▸ Problem details
The answer should hold only the lines from the beginning of the listing below to the line containing "Leinuosen 2 Pcs", both included, with every picture left out.

▸ Source material
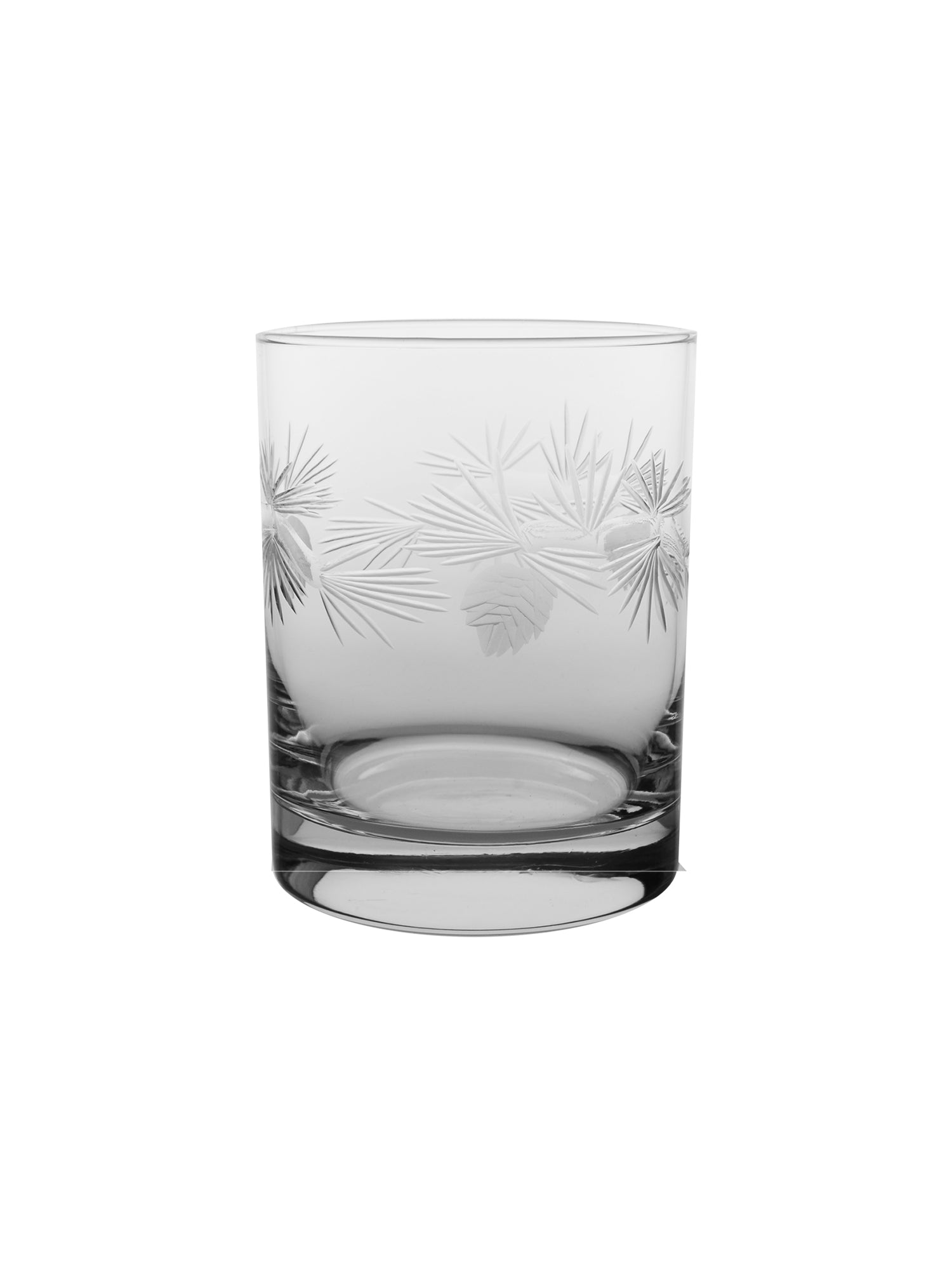 Premium Pine Cone Double Old Fashioned Glass Set - Elegant Whiskey & Cocktail Drinking Glasses for Bourbon, Scotch, and Craft Cocktails - Perfect for Home Bars, Parties, and Gifts
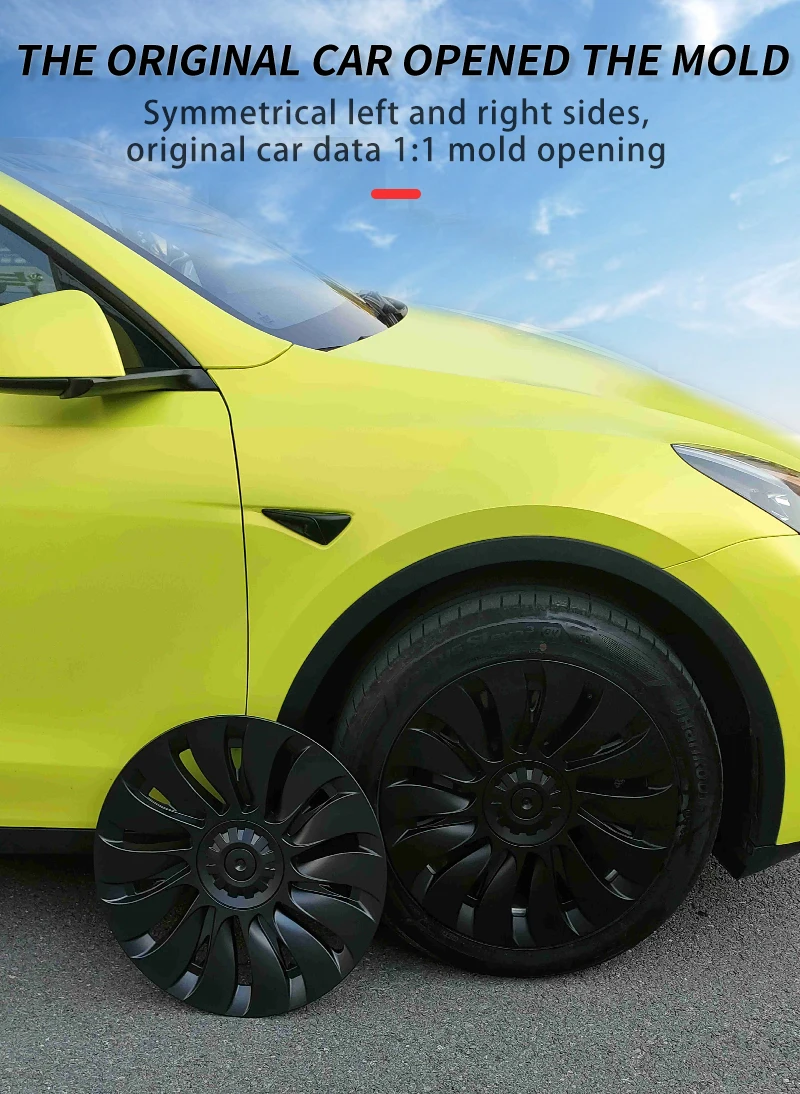 4-teilige Radabdeckung für Tesla Model Y 19 Zoll Performance Automobil Ersatz-Radkappe Vollrandabdeckung Auto-Zubehör 2020-2024 – Detail 14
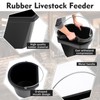 Leinuosen 2 Pcs Rubber Feeder Buckets 19 Quart Livestock Horse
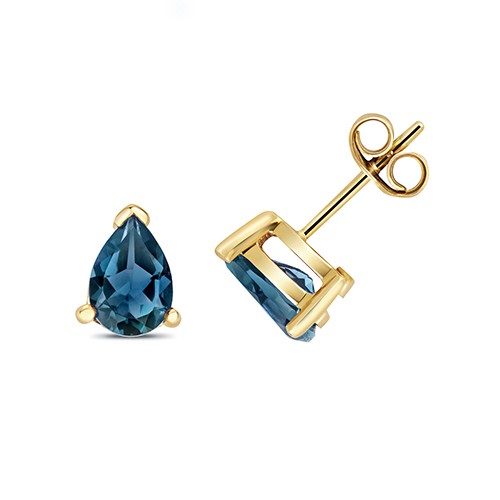 London Blue Topaz Gold Earrings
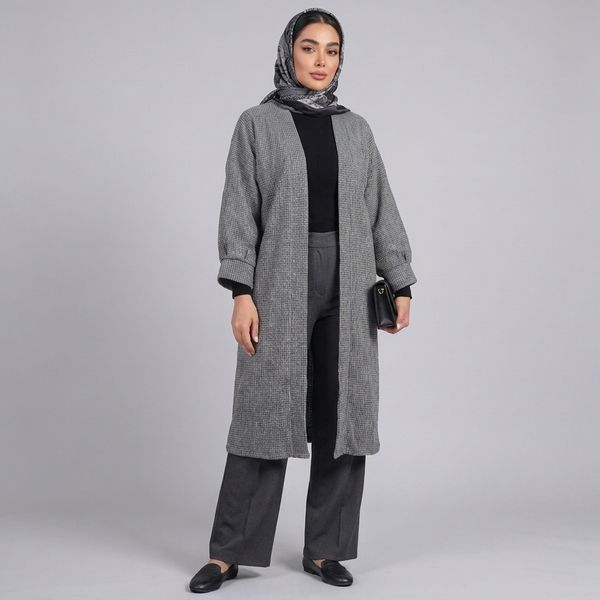 مانتو زنانه موهر بیسکویتی پاییزی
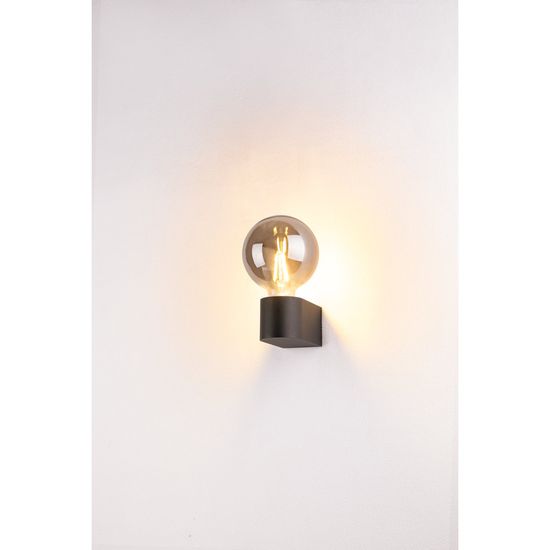 SLV 1004738 FITU CUBE WL Wandleuchte E27 schwarz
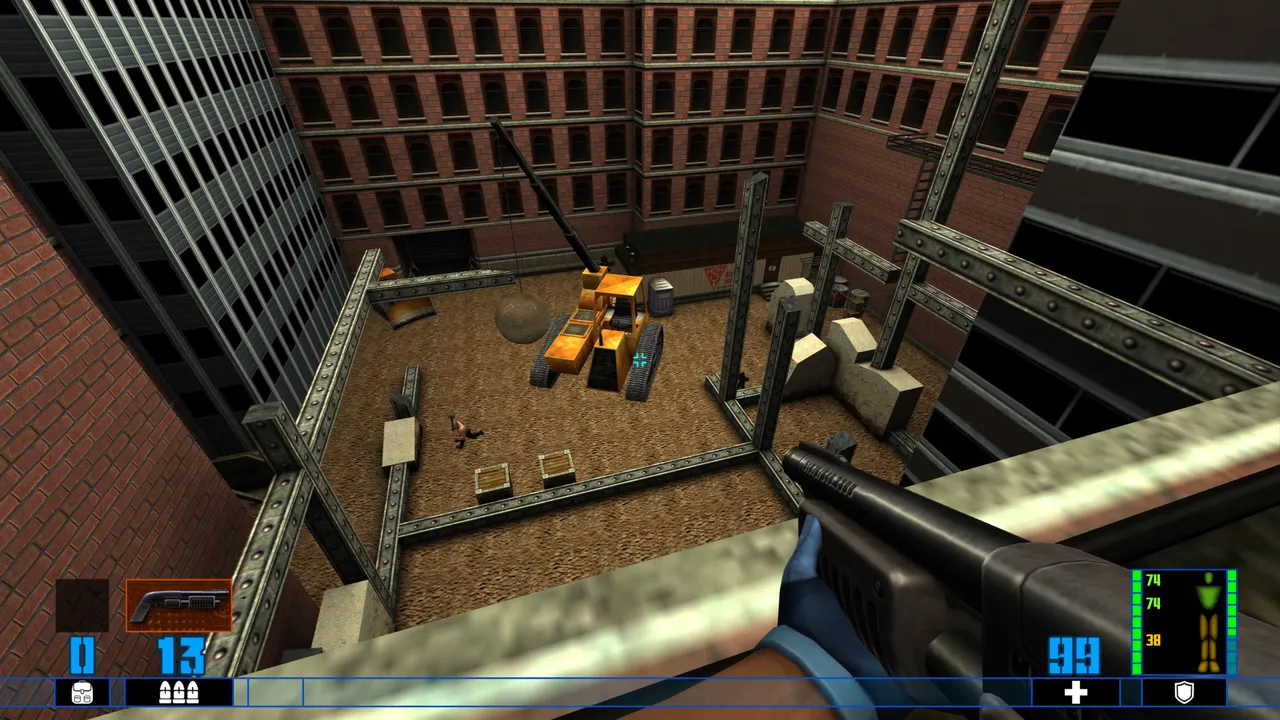 SinReloaded simply doesn't want to be a modern game, and its visuals are real proof of that.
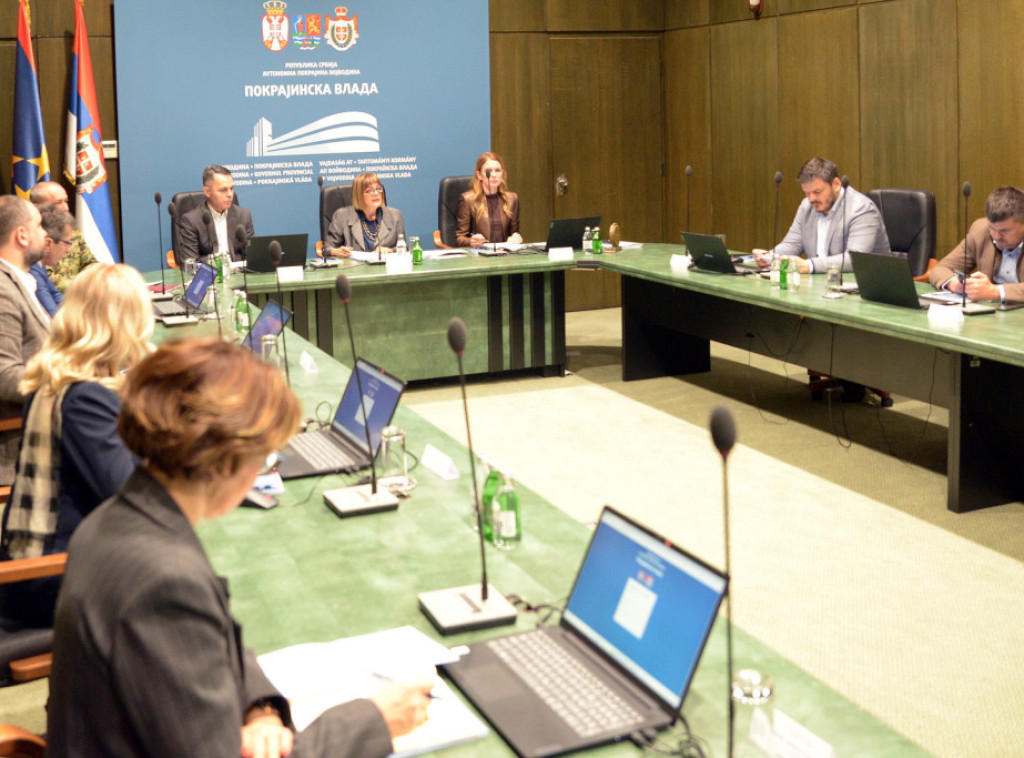 Održana prva redovna sednica Štaba za vanredne situacije AP Vojvodina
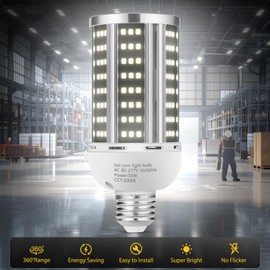 35W 6 pack LED Corn Light Bulb,(300W Equivalent ) Commercial Grade Daylight 5000K E26/E39 5000LM Medium Mogul Base LED Lamp,Large Area Lights For Outdoor Indoor Garage Warehouse Factory Bay Light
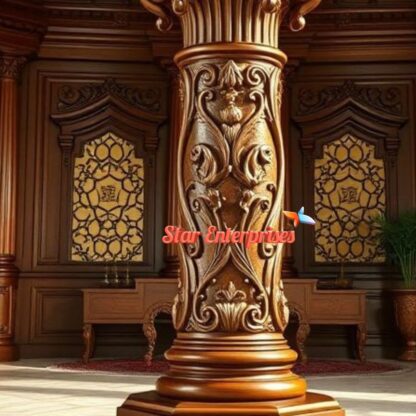 Star Enterprises Wooden Luxury Master Pillar PIL-063 - Image 3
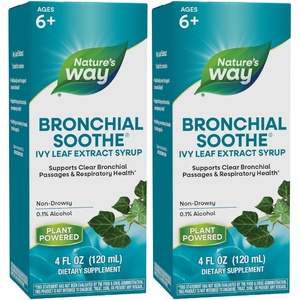 image:imageNatures Way Bronchial Soothe Ivy Leaf Extract Syrup Supports Respiratory Health Supports Clear Bronchial Passages NonDrowsy 4 Fl Oz Packaging May Vary4 Fl Oz Pack of 2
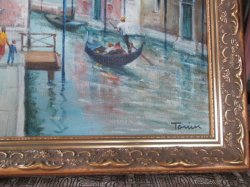 画像2: ヴェネチア　水の都　絵画　アンティークUSA　イタリアAntique 
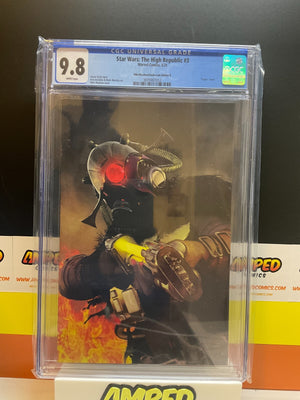 STAR WARS HIGH REPUBLIC 3 CGC 9.8 MIKE MAYHEW MARCHION RO VIRGIN VARIANT-B RARE!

▸ Your response
 Premium Pine Cone Double Old Fashioned Glass Set - Elegant Whiskey & Cocktail Drinking Glasses for Bourbon, Scotch, and Craft Cocktails - Perfect for Home Bars, Parties, and Gifts
 4-teilige Radabdeckung für Tesla Model Y 19 Zoll Performance Automobil Ersatz-Radkappe Vollrandabdeckung Auto-Zubehör 2020-2024 – Detail 14
 Leinuosen 2 Pcs Rubber Feeder Buckets 19 Quart Livestock Horse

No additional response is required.